8.7 Webbing shall have no liability to you for any costs, or charges or penalties incurred by you for failing to comply and satisfy any regulatory requirement of a country prior to using the Service in that country.
8.8 Webbing, its shareholders, affiliates, officers, directors, employees, agents and contractors (the “Indemnitees”), shall not be liable for any and all claims, actions, demands, losses, damages, costs and expenses (including without limitation legal fees) made or brought by third parties arising from or in connection with this Agreement and the provision of the Service.
8.9 You represent and warrant that (i) you are not located in a country that is subject to a U.S. Government embargo, or that has been designated by the U.S. Government as a “terrorist supporting”; country; and (ii) you are not listed on any U.S. Government list of prohibited or restricted parties.

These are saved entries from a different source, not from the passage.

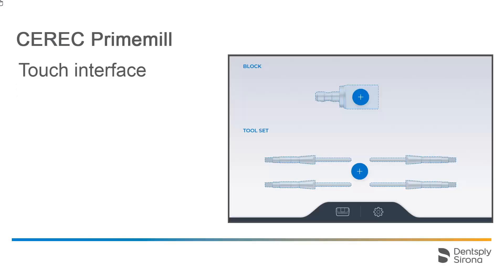Here you see the start page of the CEREC PrimeMill Touch interface. At the lower edge of the screen, you'll find the button that will take you to the Routine Actions.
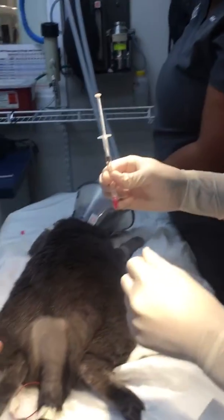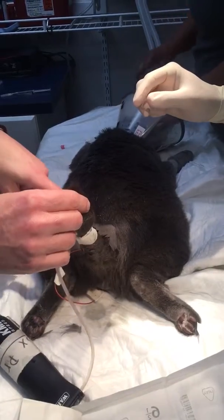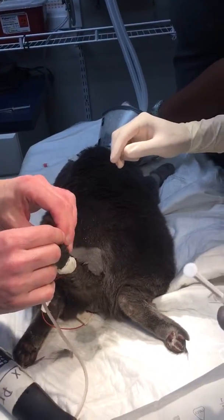So you want to hold this up, and then you want to feel, and you're going to put your needle in until it sinks.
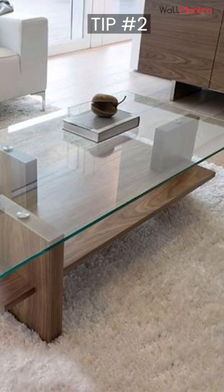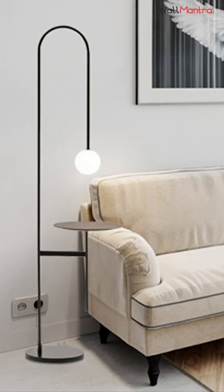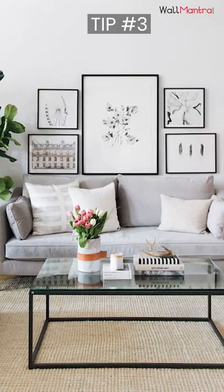Go for a glass center table or a table of the same color as your couch. Adding metal floor lamps on the sides of your couch will enhance the whole ambience. Never overdo it with the patterns, designs, and colors.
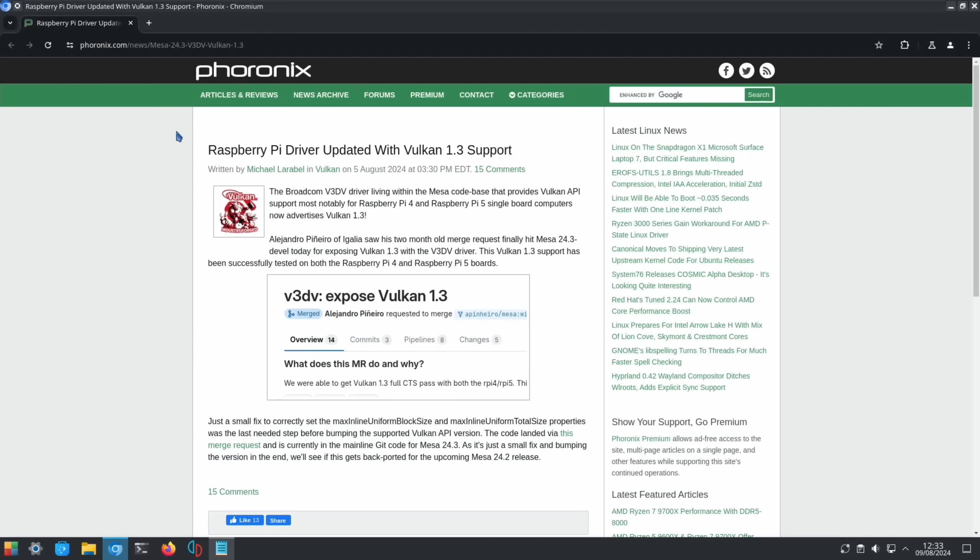Last up, from Phoronix: a Raspberry Pi driver update with Vulkan 1.3 support, applying to the Raspberry Pi 4 and 5. They now advertise Vulkan 1.3, so with Mesa 24.3, I must try some things that didn't have support before because the Mesa version was too old. Vulkan is more about 3D graphics, so we're talking about gaming here. I hope all this helps — thanks very much for watching, please like and subscribe.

If it is established that you are in breach of this warranty then we shall have the right to immediately terminate the Service and no amount will be payable to you in respect of any unused Service.
8.10 Your liability:
You shall be liable for any damages of any kind caused to us, our networks or systems, or any third parties by your use or misuse of the E-SIM or the Service, or by any other persons whomsoever or on any device whatsoever, even in the event of loss or theft and you will be responsible to compensate us for any damage you or they cause, including minor faults.
9. Changes to these terms of service and the Service
9.1 We reserve the right to change the terms of service of this Agreement from time to time and make changes to the Service or any promotion or charges relating to the Service at any time.
9.2 We shall give you notice of any such changes and you agree that an appropriate publication on the Website is an acceptable notice.
10. Governing Law and Legal Compliance
10.1 This Agreement shall be governed by and construed in accordance with the laws of the State of New York.
10.2 Despite the governing law provided above, you may be subject to various rules, regulations and laws which may also apply to you in the country in which you use the Service, in particular where you choose your home country to be a country other than the State of New York.
11.1 If you have any complaints or feedback about the Service you should send that to [email protected]
12.2 By registering for the Service you consent to us transferring your personal data to countries which do not provide the same level of data protection as the State of New York if we deem it necessary for the provision of the Service.
13.1 All notices given by you to us must be in writing (fax, email, letter or text) to the addresses set out in these terms and conditions.
13.2 Failure to enforce any of our rights under these terms of service does not result in a waiver of that right.
13.3 We reserve the right to assign rights and duties contained in these terms of service to a third party
13.4 If any provision of these terms of service are found to be unenforceable, all other conditions shall remain unaffected.
13.5 These terms of service and any documents expressly referred to in them or provided to you at the time of taking out or accepting the Service, represent the entire agreement between us and you in relation to the subject matter of any contract entered into for the Service. We are required to advise you that contracts may be concluded in English only and that no public filing requirements apply.
13.6 By purchasing and using the Service you acknowledge that you have read these terms of service and understand them and agree to be bound by them.
13.7 These terms of service are subject to change from time to time at Webbing’s sole discretion and the most up to date version is published at www.webbingsoluitons.com. Where there is a conflict between any terms of service published in printed media and the Website terms and conditions, the Website terms of service will prevail. Please periodically check the Website for the most up to date terms of service that may apply to you.